Il paraît qu’on n’oublie jamais ses premières fois. Il est donc sûr que pour Juliette Armanet et ses fans, cet adage se vérifie. Le 17 mars dernier, elle frôlait pour la première fois de sa carrière, à tout juste deux albums studio, la scène de l’Accor Arena de Paris.

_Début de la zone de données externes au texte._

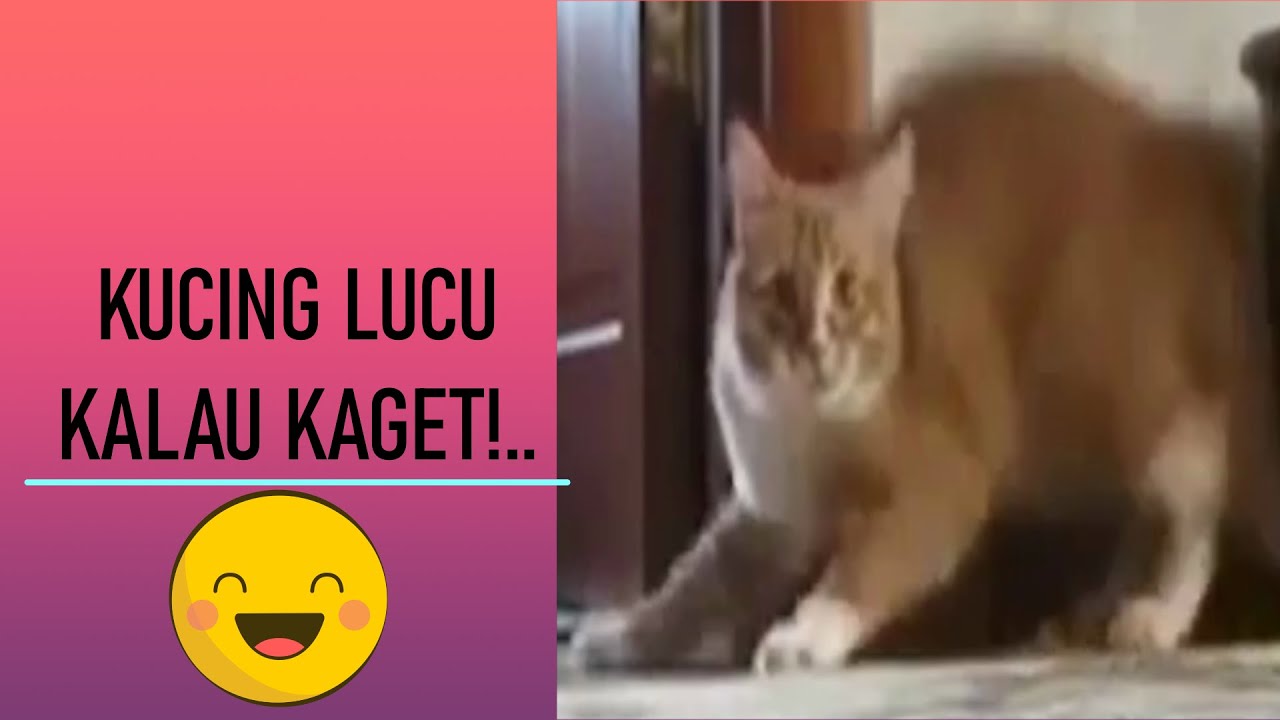 Detail Foto Lucu Kucing Kaget Nomer 46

Dans une ambiance survoltée, dès les premières minutes, en tenue noire pailletée, Juliette rentre sur scène comme on rentre sur un ring de boxe, avec l’envie de mettre K.O son adversaire. Elle enchaîne ce qui sont déjà des succès Boom Boom Baby, L’épine, Qu’importe. Alternant moments au micro ou avec son piano, comme pour le premier moment intime du concert avec La carte postale, Juliette Armanet ne cesse de remercier chaleureusement son public d’être là ce soir à Bercy (tant pis pour le nouveau nom de la salle, Bercy reste Bercy), en montrant qu’elle a encore dû mal à croire qu’elle chante dans cette salle si mythique ce soir. Elle emporte son public, lui transmet émotions et plaisirs de vivre, chante son dernier tube Flamme avant de s’offrir un bain de foule en traversant la fosse (debout et pleine à craquer) sur J’te l’donne pour rejoindre une petite scène centrale et un piano tout blanc.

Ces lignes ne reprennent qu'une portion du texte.